━━ Provided records ━━

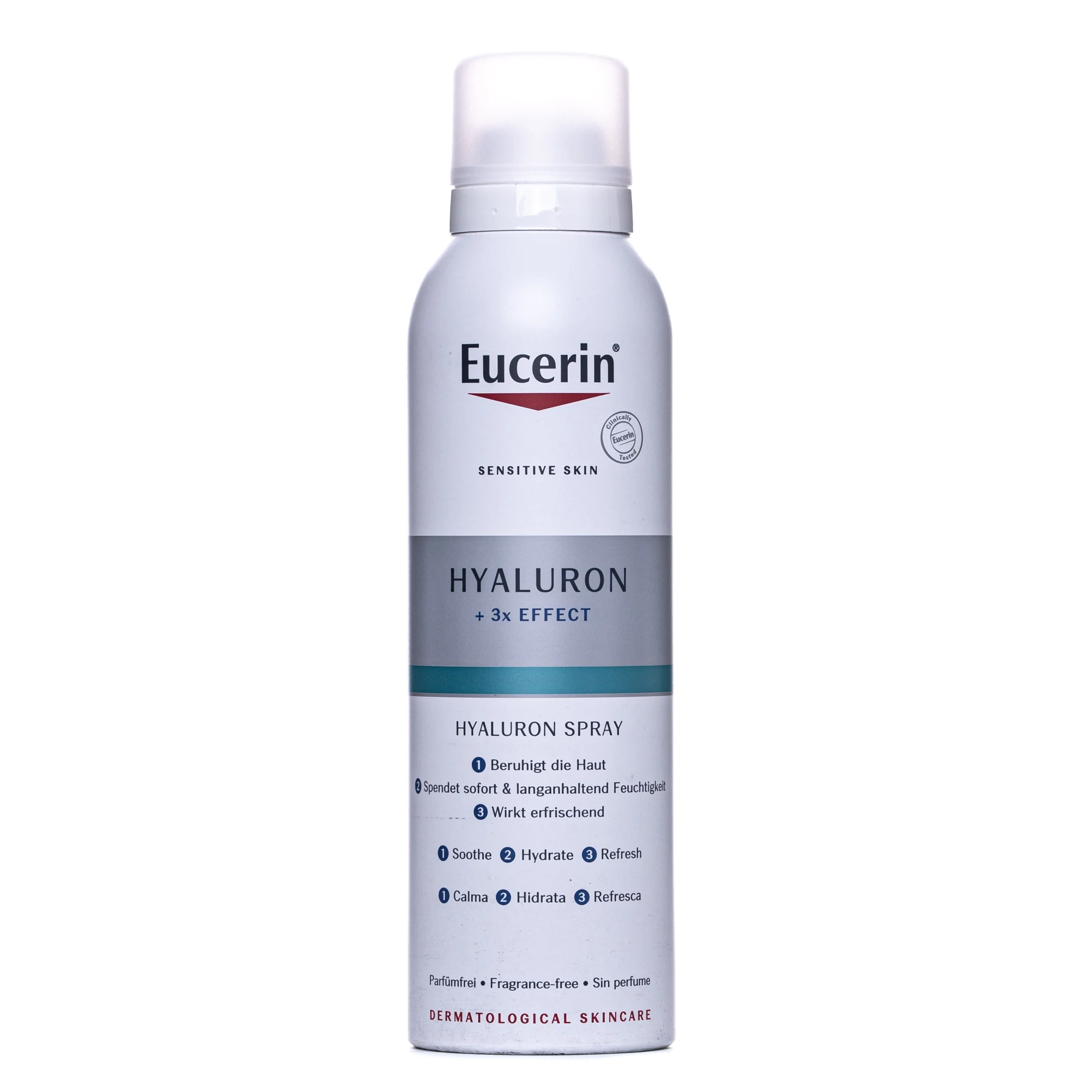 Зволожуючий спрей Eucerin (Юцерин) Hyaluron з гіалуроном для чутливої шкіри, 150 мл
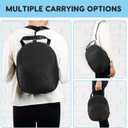 MOSLA Hat Case for Baseball Caps,Hat Carrier Travel Case Ball Cap Carrier Hat Box Organizer Carry On Hat Bag Backpack with Adjustable Shoulder Strap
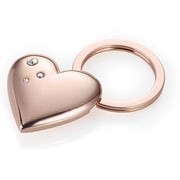 KR15-32/RG [TROIKA（トロイカ） GIRLS BEST FRIEND Rosy キーリング heart, made with SWAROVSKI（R） ELEMENTS]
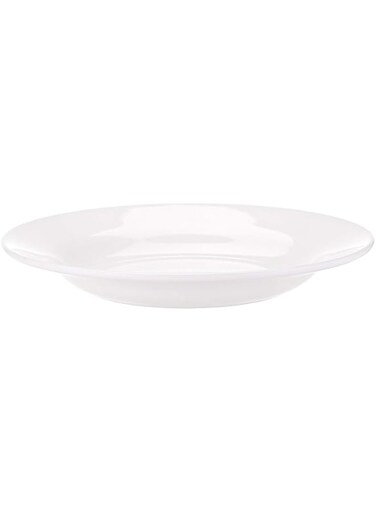 Servewell Melamine Horeca Rim Soup Plate-10" White 25.0 cm G_2405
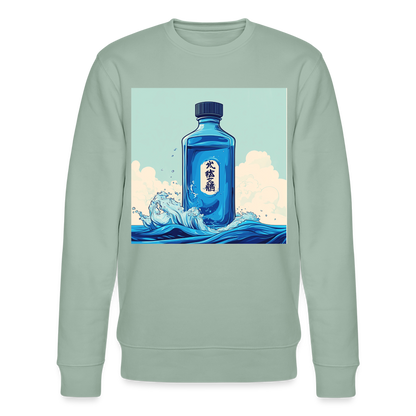 I Blått och Tystnad, Ekologisk sweatshirt CHANGER unisex från Stanley/Stella - ljus grågrön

━━━

> **What you will do**: Keeping the pictures out, print the entries above exactly as written.

> **Reply to the exercise**:
 Зволожуючий спрей Eucerin (Юцерин) Hyaluron з гіалуроном для чутливої шкіри, 150 мл
 MOSLA Hat Case for Baseball Caps,Hat Carrier Travel Case Ball Cap Carrier Hat Box Organizer Carry On Hat Bag Backpack with Adjustable Shoulder Strap
 KR15-32/RG [TROIKA（トロイカ） GIRLS BEST FRIEND Rosy キーリング heart, made with SWAROVSKI（R） ELEMENTS]
 Servewell Melamine Horeca Rim Soup Plate-10" White 25.0 cm G_2405
 I Blått och Tystnad, Ekologisk sweatshirt CHANGER unisex från Stanley/Stella - ljus grågrön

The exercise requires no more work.